Worth noting is that Luau is focused on, first and foremost, stable high performance code in interpreted context. This is because JIT compilation is not available on many platforms Luau runs on, and AOT compilation would only work for code that Roblox ships (and even that does not always work). This is in stark contrast with LuaJIT that, while providing an excellent interpreter as well, focuses a lot of the attention on JIT (with many optimizations unavailable in the interpreter).
Luau eventually plans to implement JIT on some platforms, but this is subject to careful memory safety analysis and is likely to not be deployed for client-side scripts, as the extra risk involved in JITs is much more pronounced when it may affect players.
The rest of this document goes into some optimizations that Luau employs and how to best leverage them when writing code.
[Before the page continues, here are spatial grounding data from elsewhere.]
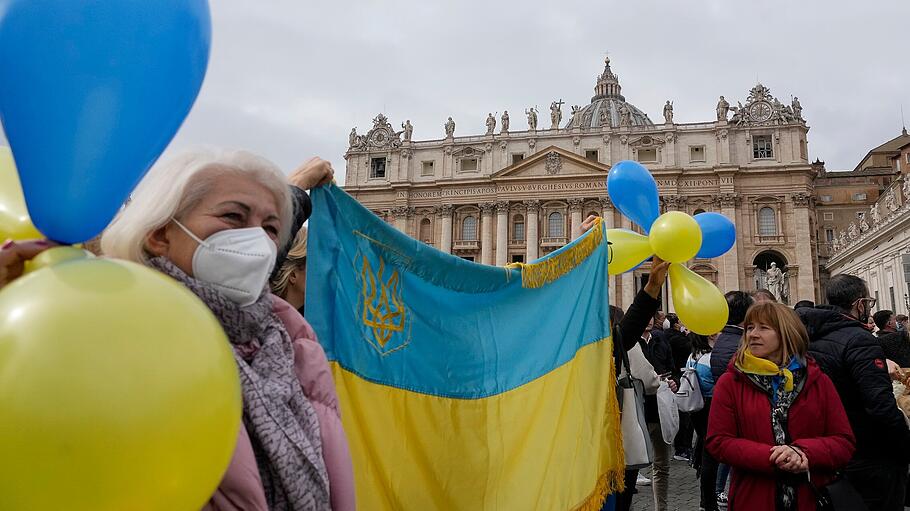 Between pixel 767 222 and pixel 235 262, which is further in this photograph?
pixel 767 222

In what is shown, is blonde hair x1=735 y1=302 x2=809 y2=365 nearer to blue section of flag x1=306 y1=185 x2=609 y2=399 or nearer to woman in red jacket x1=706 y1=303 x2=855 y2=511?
woman in red jacket x1=706 y1=303 x2=855 y2=511

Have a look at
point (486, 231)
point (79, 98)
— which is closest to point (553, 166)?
point (486, 231)

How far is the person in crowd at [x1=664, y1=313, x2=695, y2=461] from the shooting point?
6.75 m

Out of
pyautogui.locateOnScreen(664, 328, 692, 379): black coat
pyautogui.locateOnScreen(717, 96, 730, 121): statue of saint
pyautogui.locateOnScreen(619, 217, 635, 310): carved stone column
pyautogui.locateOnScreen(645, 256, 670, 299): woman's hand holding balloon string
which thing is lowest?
pyautogui.locateOnScreen(664, 328, 692, 379): black coat

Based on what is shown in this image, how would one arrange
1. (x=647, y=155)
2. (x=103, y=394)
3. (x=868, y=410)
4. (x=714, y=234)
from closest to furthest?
(x=103, y=394)
(x=868, y=410)
(x=714, y=234)
(x=647, y=155)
The document is not complete - a lot of optimizations are transparent to the user and involve detailed low-level tuning of various parts that is not described here - and all of this is subject to change without notice, as it doesn't affect the semantics of valid code.
Fast bytecode interpreter
Luau features a very highly tuned portable bytecode interpreter. It's similar to Lua interpreter in that it's written in C, but it's highly tuned to yield efficient assembly when compiled with Clang and latest versions of MSVC. On some workloads it can match the performance of LuaJIT interpreter which is written in highly specialized assembly. We are continuing to tune the interpreter and the bytecode format over time; while extra performance can be extracted by rewriting the interpreter in assembly, we're unlikely to ever do that as the extra gains at this point are marginal, and we gain a lot from C in terms of portability and being able to quickly implement new optimizations.
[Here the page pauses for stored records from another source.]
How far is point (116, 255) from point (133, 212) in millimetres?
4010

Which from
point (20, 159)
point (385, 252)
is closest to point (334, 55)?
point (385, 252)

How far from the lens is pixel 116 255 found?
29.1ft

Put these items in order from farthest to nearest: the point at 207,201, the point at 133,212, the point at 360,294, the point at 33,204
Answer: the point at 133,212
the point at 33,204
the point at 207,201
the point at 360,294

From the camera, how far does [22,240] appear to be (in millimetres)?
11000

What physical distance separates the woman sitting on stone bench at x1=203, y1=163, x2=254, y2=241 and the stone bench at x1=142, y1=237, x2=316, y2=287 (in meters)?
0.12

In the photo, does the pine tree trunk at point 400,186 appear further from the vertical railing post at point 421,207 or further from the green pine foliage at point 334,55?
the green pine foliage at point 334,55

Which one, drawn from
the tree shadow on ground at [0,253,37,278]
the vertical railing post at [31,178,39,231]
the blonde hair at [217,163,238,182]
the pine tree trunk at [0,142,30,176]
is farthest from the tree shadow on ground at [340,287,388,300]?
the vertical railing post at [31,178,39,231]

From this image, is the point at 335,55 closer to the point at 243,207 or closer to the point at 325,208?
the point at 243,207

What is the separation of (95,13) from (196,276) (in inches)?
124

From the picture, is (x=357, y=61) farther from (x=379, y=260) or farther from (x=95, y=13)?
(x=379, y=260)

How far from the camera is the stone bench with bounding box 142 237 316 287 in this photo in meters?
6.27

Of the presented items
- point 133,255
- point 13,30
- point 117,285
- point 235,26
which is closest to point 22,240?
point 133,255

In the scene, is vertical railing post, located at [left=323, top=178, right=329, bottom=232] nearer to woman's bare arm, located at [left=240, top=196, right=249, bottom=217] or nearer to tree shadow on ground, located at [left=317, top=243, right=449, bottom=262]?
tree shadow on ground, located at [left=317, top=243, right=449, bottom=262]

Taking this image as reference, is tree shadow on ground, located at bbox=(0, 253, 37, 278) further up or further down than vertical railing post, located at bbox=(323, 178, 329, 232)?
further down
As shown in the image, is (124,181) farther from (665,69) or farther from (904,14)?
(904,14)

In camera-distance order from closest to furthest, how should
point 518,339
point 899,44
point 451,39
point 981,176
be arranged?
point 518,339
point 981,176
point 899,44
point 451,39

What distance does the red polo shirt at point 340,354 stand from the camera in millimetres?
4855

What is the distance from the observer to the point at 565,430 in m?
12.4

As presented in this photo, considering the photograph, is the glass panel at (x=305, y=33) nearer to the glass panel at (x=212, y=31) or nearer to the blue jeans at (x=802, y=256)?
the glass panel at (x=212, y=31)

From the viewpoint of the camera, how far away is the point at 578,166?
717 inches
Of course the interpreter isn't typical C code - it uses many tricks to achieve extreme levels of performance and to coerce the compiler to produce efficient assembly. Due to a better bytecode design and more efficient dispatch loop it's noticeably faster than Lua 5.x (including Lua 5.4 which made some of the changes similar to Luau, but doesn't come close). The bytecode design was partially inspired by excellent LuaJIT interpreter. Most computationally intensive scripts only use the interpreter core loop and builtins, which on x64 compiles into ~16 KB, thus leaving half of the instruction cache for other infrequently called code.
Optimizing compiler
Unlike Lua and LuaJIT, Luau uses a more classical compiler construction with a frontend that parses source into an AST and a backend that generates bytecode from it. This carries a small penalty in terms of compilation time, but results in more flexible code and, crucially, makes it easier to optimize the generated bytecode.
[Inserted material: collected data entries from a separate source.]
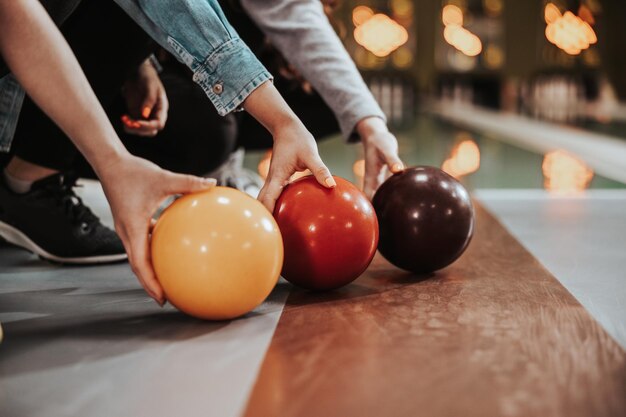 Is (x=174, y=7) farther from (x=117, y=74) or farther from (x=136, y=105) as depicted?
(x=136, y=105)

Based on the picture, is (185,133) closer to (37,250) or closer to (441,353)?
(37,250)

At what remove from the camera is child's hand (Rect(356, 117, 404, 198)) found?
1648 millimetres

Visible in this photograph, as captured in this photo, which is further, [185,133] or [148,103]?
[185,133]

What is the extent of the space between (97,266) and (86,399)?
2.46 feet

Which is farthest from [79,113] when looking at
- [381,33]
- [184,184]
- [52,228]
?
[381,33]

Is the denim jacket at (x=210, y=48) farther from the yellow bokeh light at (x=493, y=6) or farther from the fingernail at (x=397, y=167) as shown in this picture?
the yellow bokeh light at (x=493, y=6)

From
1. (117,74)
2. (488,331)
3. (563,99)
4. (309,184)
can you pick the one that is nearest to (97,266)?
(117,74)

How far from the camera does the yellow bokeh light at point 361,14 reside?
11312 mm

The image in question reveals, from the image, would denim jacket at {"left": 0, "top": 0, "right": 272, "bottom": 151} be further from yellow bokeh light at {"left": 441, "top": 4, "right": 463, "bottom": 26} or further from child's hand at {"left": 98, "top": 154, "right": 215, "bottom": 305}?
yellow bokeh light at {"left": 441, "top": 4, "right": 463, "bottom": 26}

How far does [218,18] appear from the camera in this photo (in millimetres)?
1299

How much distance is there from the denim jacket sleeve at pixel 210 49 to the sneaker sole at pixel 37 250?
53 centimetres

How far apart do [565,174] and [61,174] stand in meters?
2.62

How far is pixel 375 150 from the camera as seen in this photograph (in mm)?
1677

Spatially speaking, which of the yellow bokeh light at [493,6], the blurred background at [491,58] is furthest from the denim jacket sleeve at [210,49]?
the yellow bokeh light at [493,6] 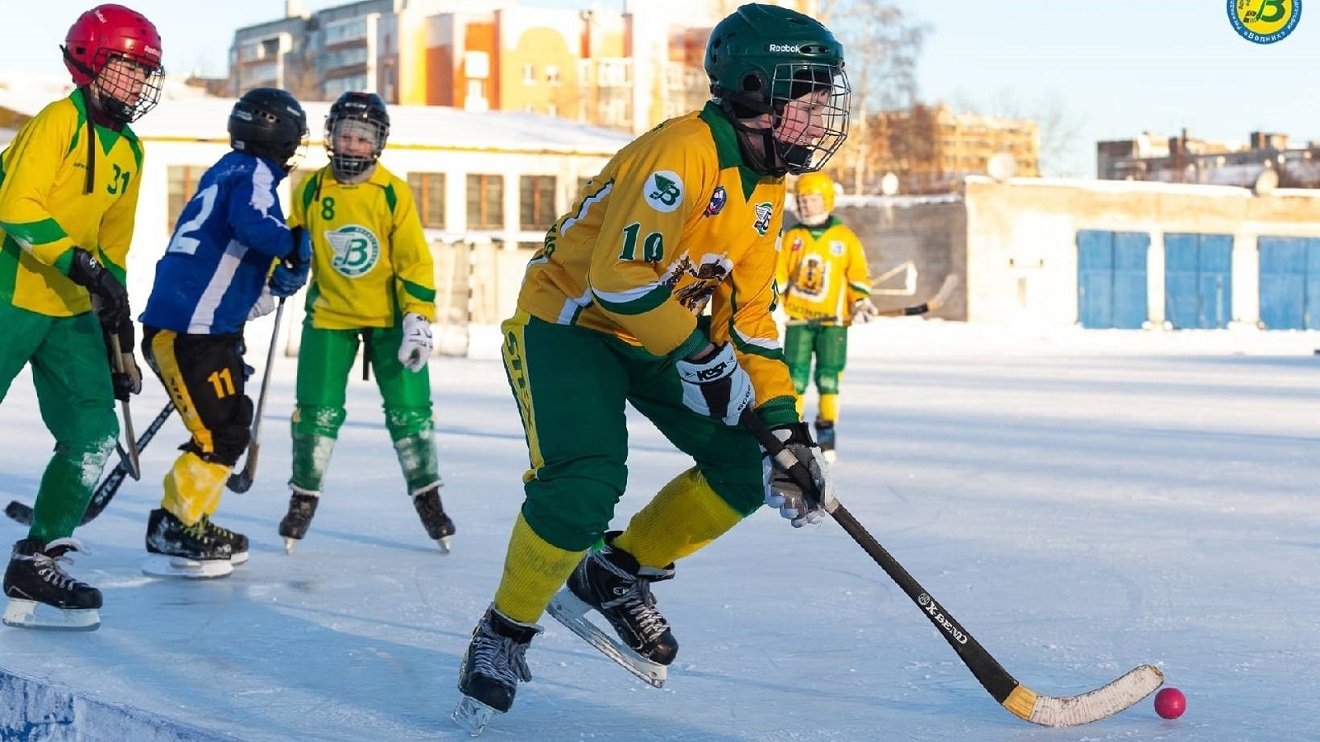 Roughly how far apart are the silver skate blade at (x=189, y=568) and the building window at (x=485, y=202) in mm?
27668

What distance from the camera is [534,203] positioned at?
32781 mm

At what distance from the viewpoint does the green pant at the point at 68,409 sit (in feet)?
13.7

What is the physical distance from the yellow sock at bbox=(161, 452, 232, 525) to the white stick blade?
2655mm

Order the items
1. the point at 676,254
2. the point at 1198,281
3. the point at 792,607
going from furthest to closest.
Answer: the point at 1198,281 → the point at 792,607 → the point at 676,254

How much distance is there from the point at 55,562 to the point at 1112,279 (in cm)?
3419

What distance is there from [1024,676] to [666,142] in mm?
1429

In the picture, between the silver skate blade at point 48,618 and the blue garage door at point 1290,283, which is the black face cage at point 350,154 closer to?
the silver skate blade at point 48,618

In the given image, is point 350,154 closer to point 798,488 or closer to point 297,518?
point 297,518

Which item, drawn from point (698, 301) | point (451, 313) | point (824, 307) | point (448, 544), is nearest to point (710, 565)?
point (448, 544)

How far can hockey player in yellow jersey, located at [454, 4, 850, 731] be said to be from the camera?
303cm

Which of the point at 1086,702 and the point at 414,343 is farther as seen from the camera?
the point at 414,343

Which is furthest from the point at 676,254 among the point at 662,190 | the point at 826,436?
the point at 826,436

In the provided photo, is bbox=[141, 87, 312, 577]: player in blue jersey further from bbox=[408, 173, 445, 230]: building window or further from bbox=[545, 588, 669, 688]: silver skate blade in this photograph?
bbox=[408, 173, 445, 230]: building window

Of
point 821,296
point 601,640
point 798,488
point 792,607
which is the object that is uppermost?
point 821,296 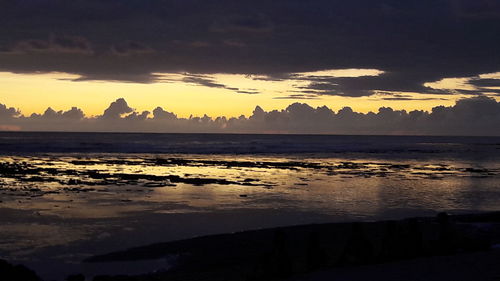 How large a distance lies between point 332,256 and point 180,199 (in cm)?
1247

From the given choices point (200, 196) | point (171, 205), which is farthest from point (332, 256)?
point (200, 196)

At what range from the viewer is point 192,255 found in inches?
559

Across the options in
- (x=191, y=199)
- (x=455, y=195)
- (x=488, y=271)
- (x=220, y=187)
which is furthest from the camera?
(x=220, y=187)

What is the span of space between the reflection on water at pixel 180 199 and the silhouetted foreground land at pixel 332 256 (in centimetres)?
215

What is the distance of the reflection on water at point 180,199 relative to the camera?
17344 millimetres

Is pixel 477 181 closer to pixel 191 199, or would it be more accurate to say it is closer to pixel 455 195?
pixel 455 195

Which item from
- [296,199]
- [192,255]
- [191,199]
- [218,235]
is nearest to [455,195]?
[296,199]

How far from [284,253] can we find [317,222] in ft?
28.4

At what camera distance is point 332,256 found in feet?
45.6

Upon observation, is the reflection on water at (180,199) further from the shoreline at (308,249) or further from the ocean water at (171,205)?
the shoreline at (308,249)

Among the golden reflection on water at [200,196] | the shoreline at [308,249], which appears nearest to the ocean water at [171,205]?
the golden reflection on water at [200,196]

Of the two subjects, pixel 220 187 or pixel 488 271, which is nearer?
pixel 488 271

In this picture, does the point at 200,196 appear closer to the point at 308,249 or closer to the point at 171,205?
the point at 171,205

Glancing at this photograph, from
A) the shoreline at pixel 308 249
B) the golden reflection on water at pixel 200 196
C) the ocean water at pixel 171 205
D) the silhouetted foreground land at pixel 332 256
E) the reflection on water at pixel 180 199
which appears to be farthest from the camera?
the golden reflection on water at pixel 200 196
While bytecode optimizations are limited due to the flexibility of Luau code (e.g. a * 1
may not be equivalent to a
if *
is overloaded through metatables), even in absence of type information Luau compiler can perform some optimizations such as "deep" constant folding across functions and local variables, perform upvalue optimizations for upvalues that aren't mutated, do analysis of builtin function usage, and some peephole optimizations on the resulting bytecode. In the future we plan to do bytecode-level inlining and possibly other code transformation.
Luau compiler currently doesn't use type information to do further optimizations, however early experiments suggest that we can extract further wins. Because we control the entire stack (unlike e.g. TypeScript where the type information is discarded completely before reaching the VM), we have more flexibility there and can make some tradeoffs during codegen even if the type system isn't completely sound. For example, it might be reasonable to assume that in presence of known types, we can infer absence of side effects for arithmetic operations and builtins - if the runtime types mismatch due to intentional violation of the type safety through global injection, the code will still be safely sandboxed; this may unlock optimizations such as common subexpression elimination and allocation hoisting without a JIT. This is speculative pending further research.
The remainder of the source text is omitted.